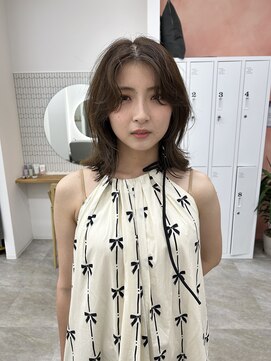 シラフ(SHIRAF) 【Yoshida】ミディアムレイヤー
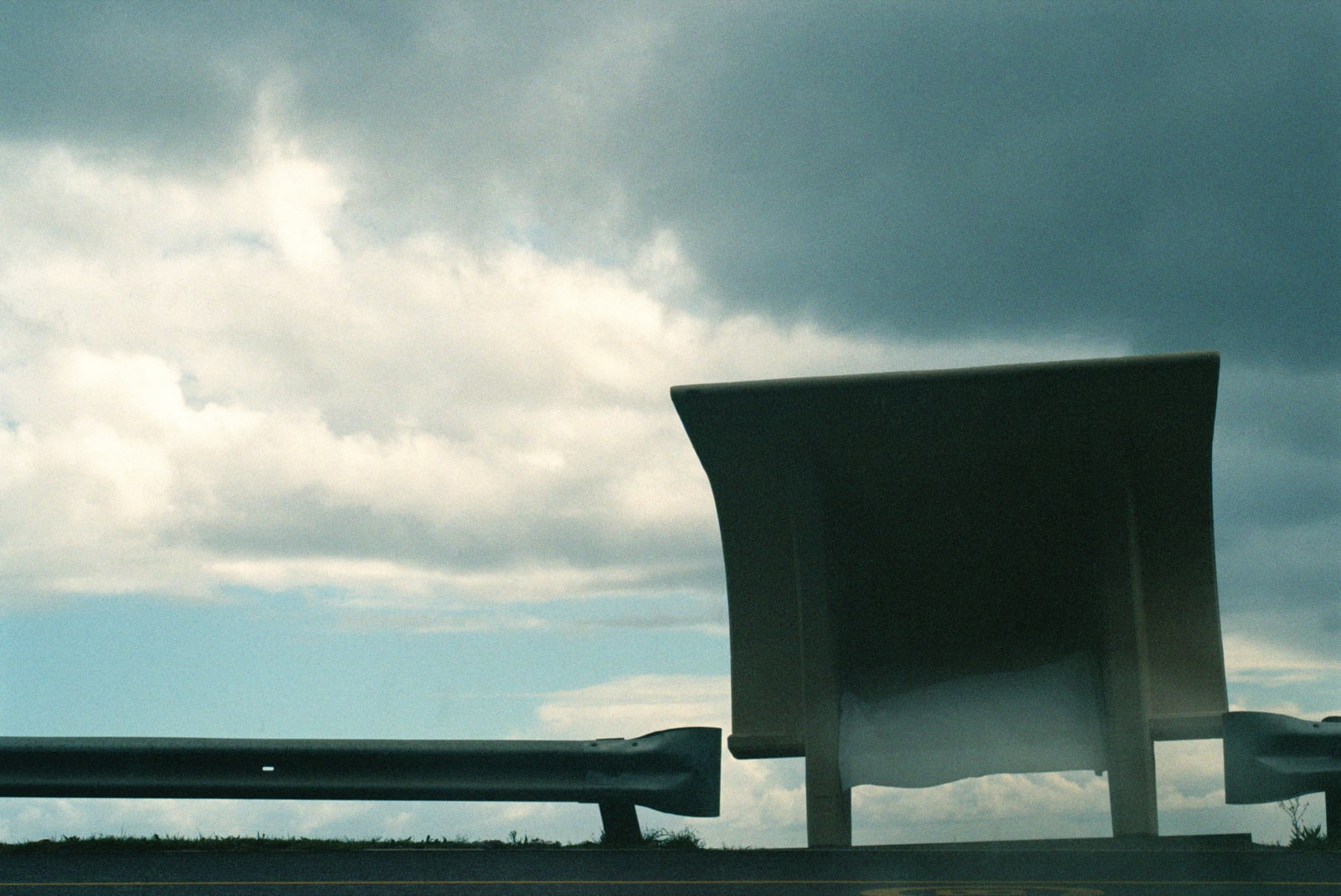 Cinthia Marcelle & Jean Meeran, Capa morada / Stay (Cape Town) from the series tecidos, 2003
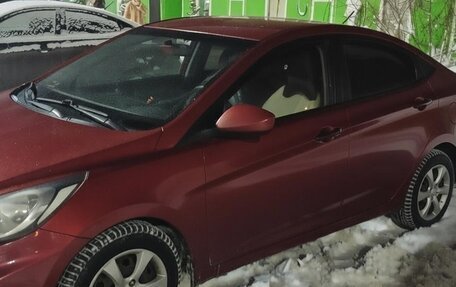 Hyundai Solaris II рестайлинг, 2011 год, 650 000 рублей, 2 фотография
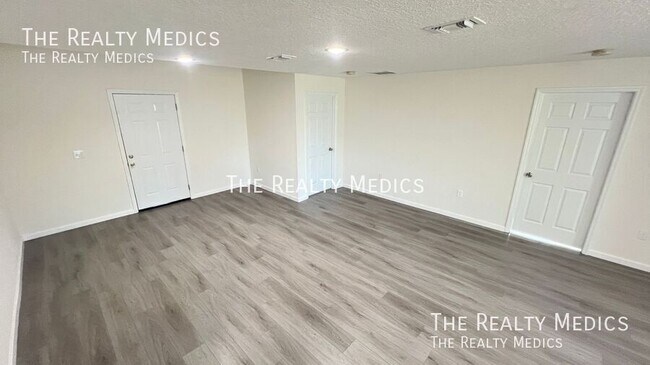 Building Photo - 1242 Halber Ave NW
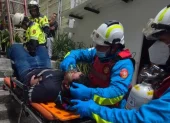 El trabajador fue rescatado por personal del Cuerpo de Bomberos de Guayaquil tras recibir una descarga eléctrica mientras realizaba labores de mantenimiento en Sauces 9.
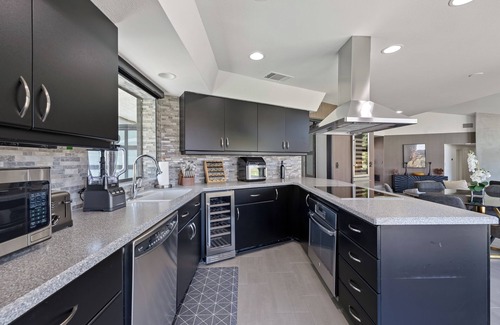 La Quinta Casa | Golf Course-Front Views, Pool+Hot Tub, Patio | Modern | Edgy House by AvantStay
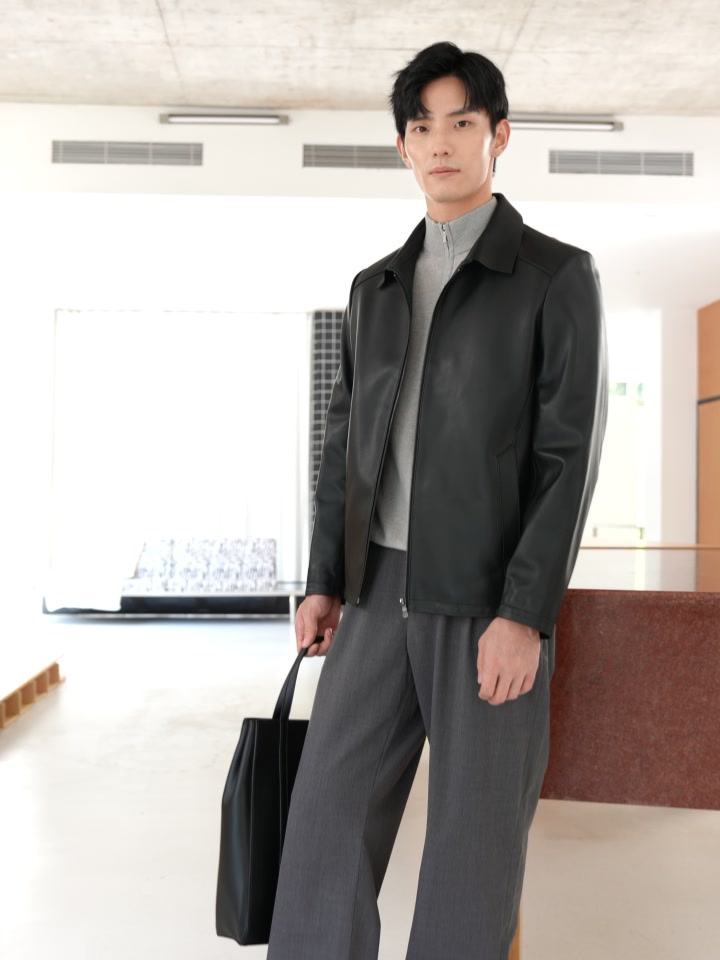 兽王皮衣：商务与休闲的完美融合，翻领绵羊皮的优雅体验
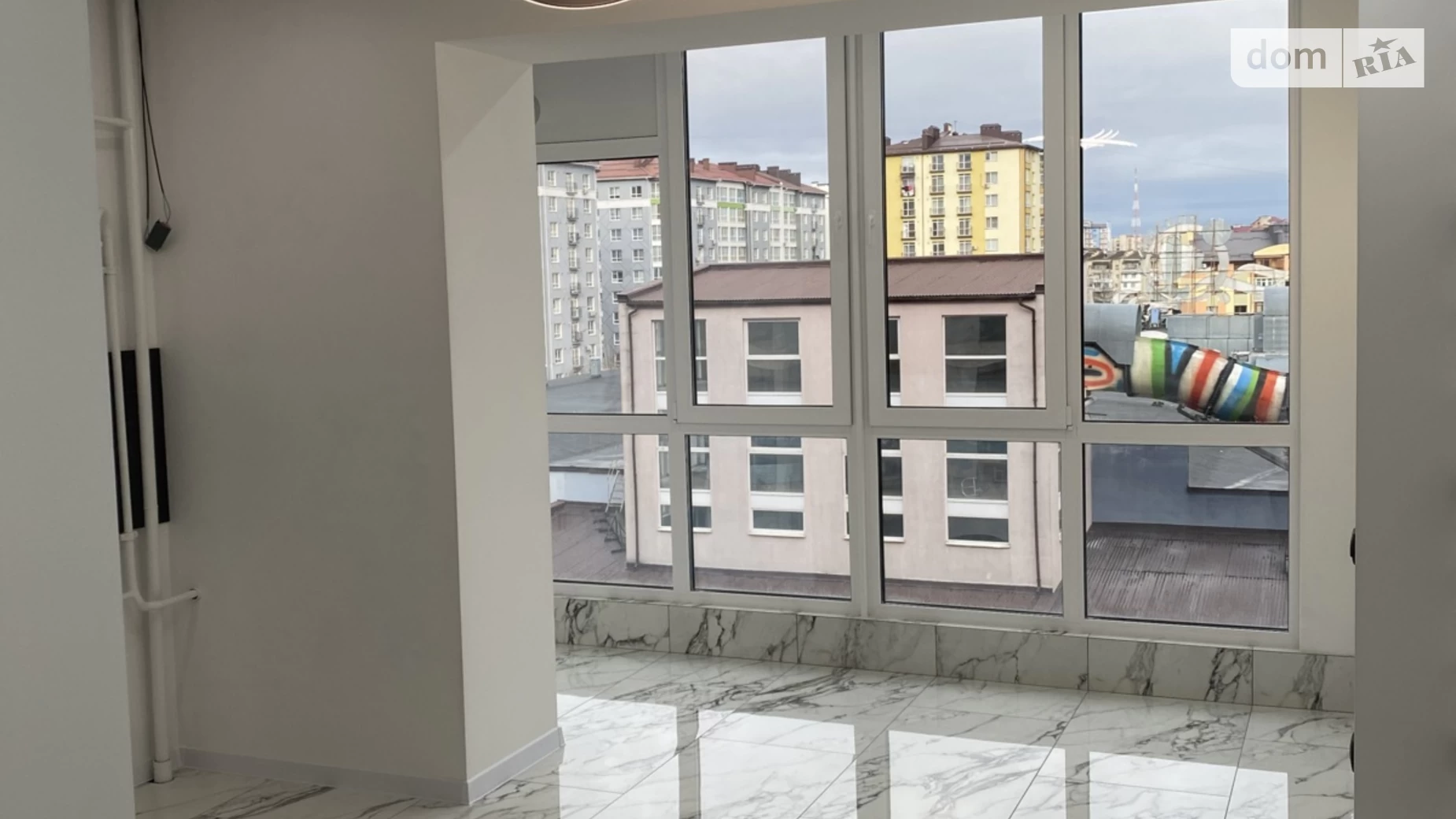 Продается 1-комнатная квартира 41 кв. м в Ивано-Франковске, ул. Виноградная, 175А - фото 3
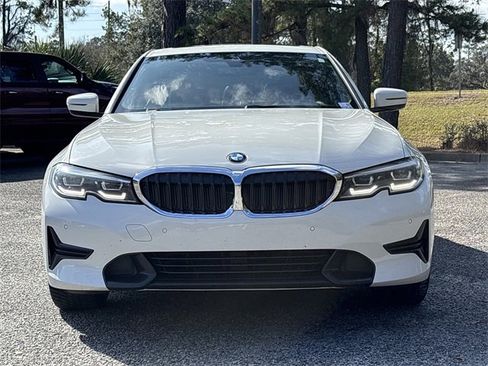 Used 2022 BMW 330i Sedan w/ Driving Assistance Package image 24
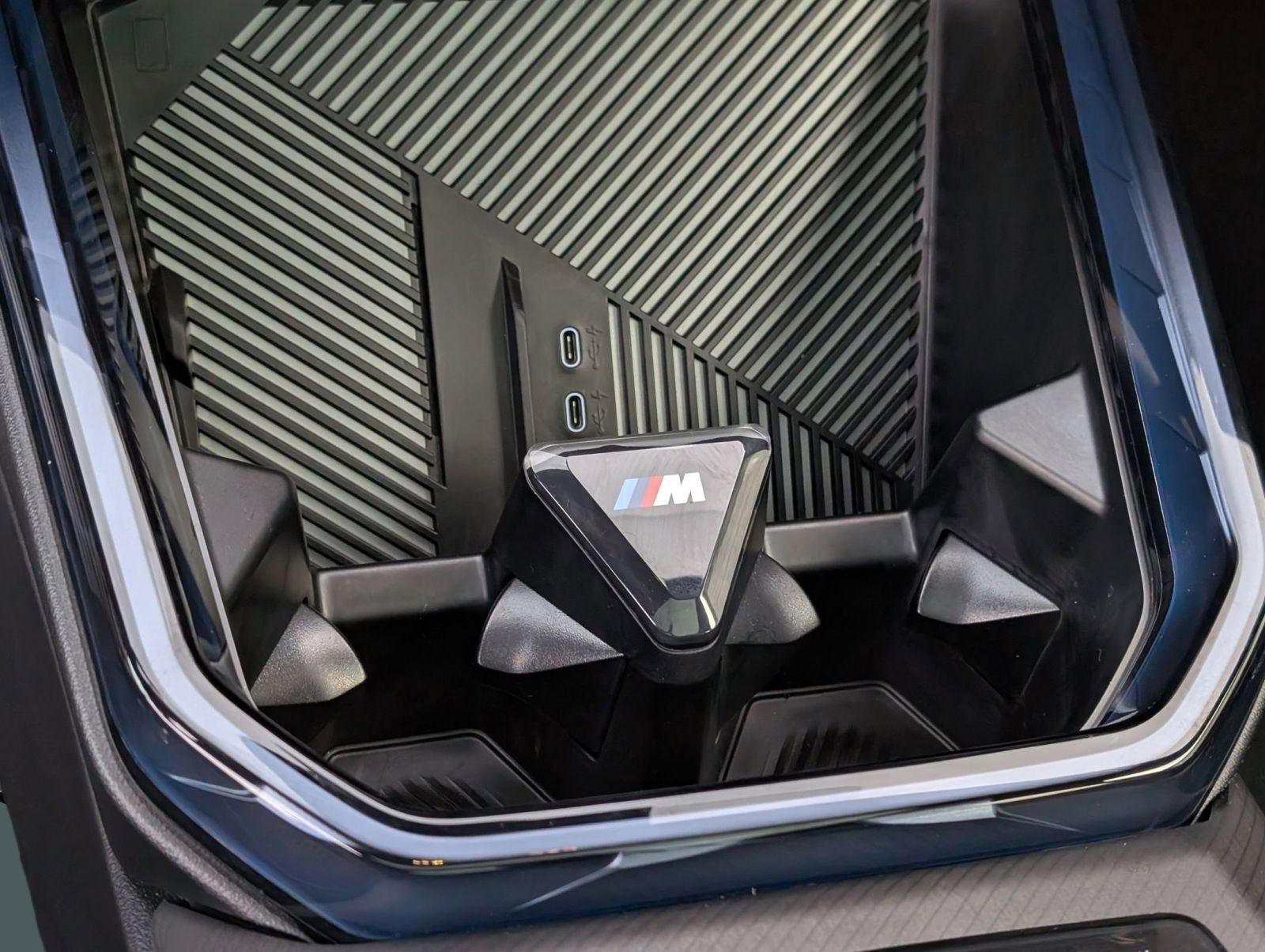 Used 2025 BMW X3 M50 w/ Premium Package image 25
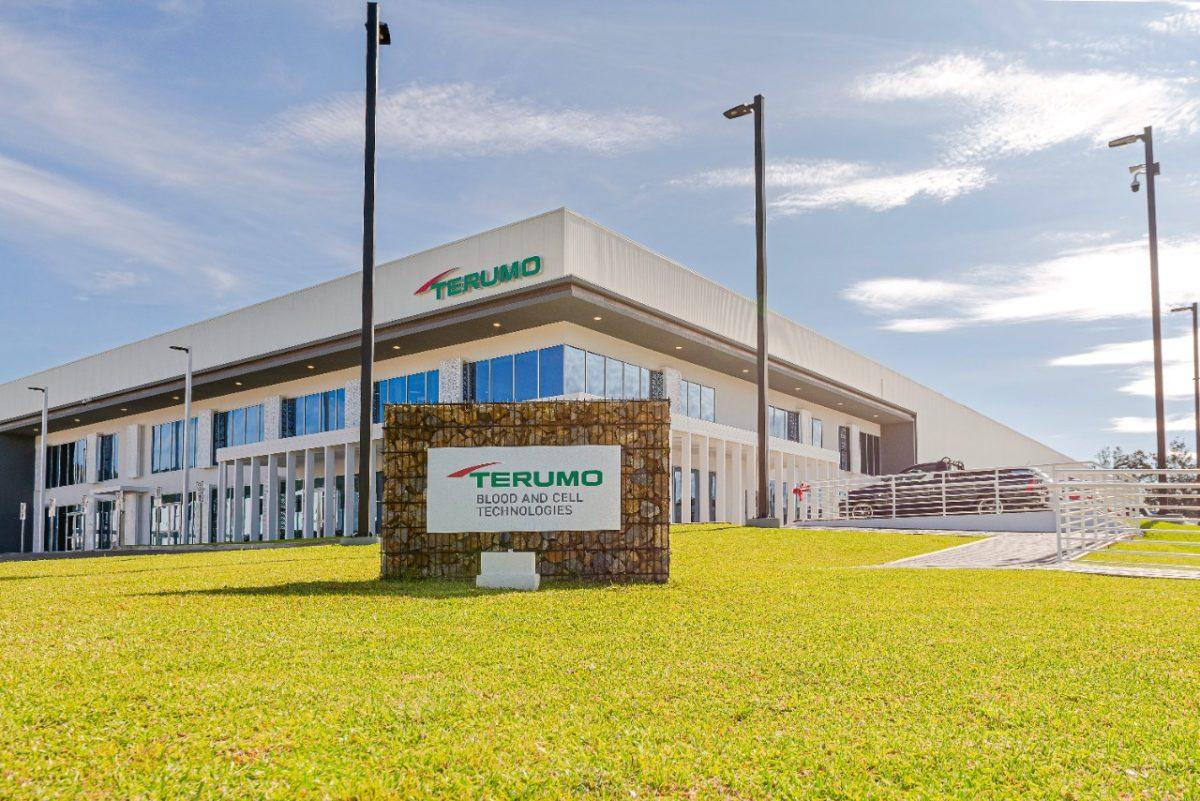 Empresa de tecnología médica Terumo invirtió $60 millones en nueva planta y dará 700 empleos
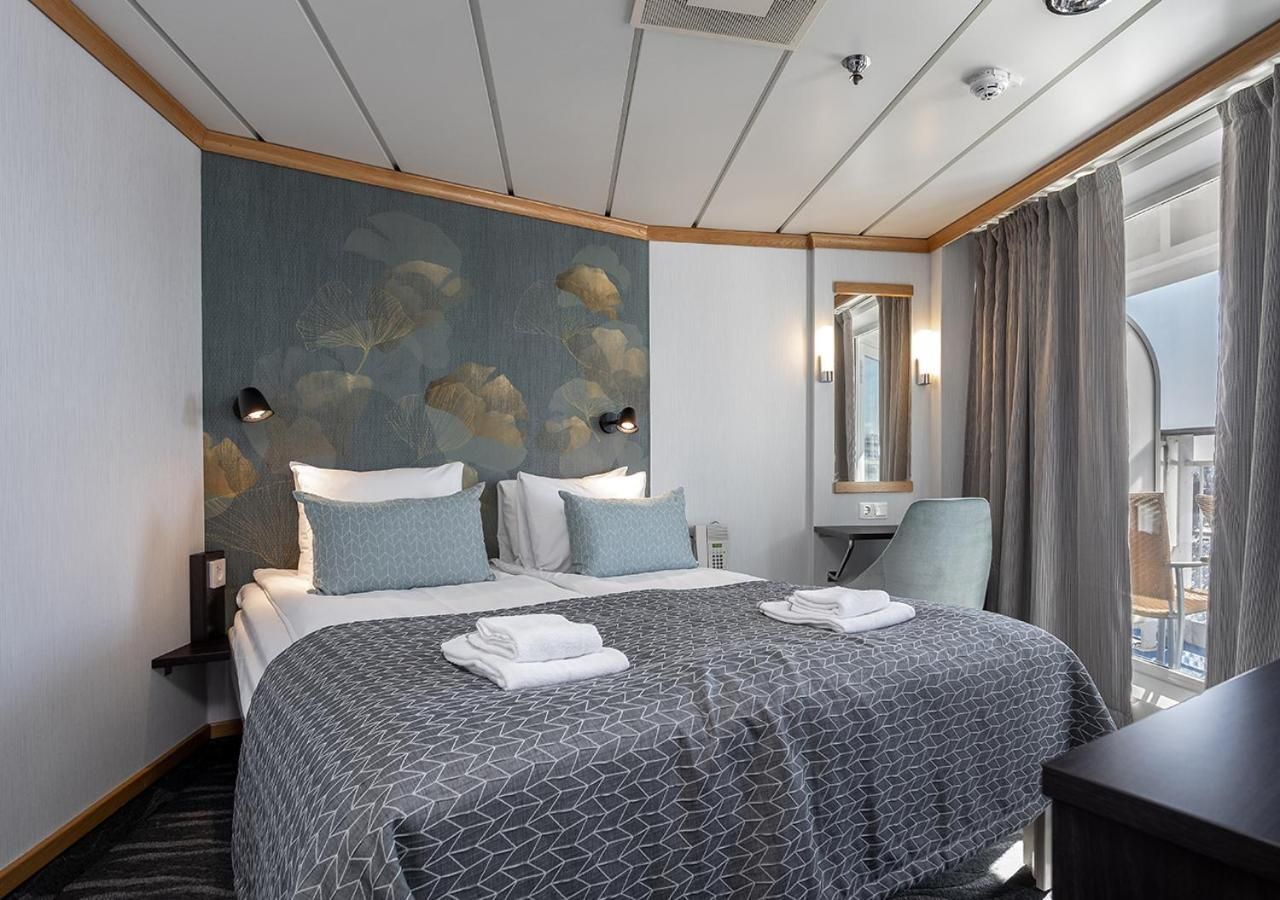 Junior Suite with Balcony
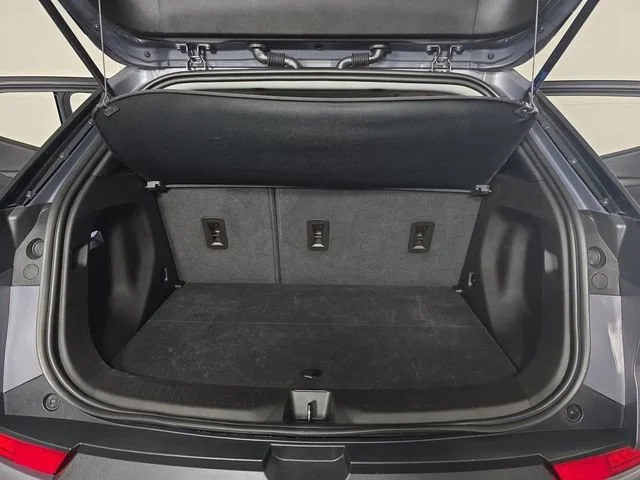Used 2023 GRAY GHOST METALLIC Chevrolet LT image 26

**Task objective:** With the pictures omitted, print precisely the lines from the one with "Used 2025 BMW" to the final line of the records, both included.

**Answer box:**
 Used 2025 BMW X3 M50 w/ Premium Package image 25
 Empresa de tecnología médica Terumo invirtió $60 millones en nueva planta y dará 700 empleos
 Junior Suite with Balcony
Used 2023 GRAY GHOST METALLIC Chevrolet LT image 26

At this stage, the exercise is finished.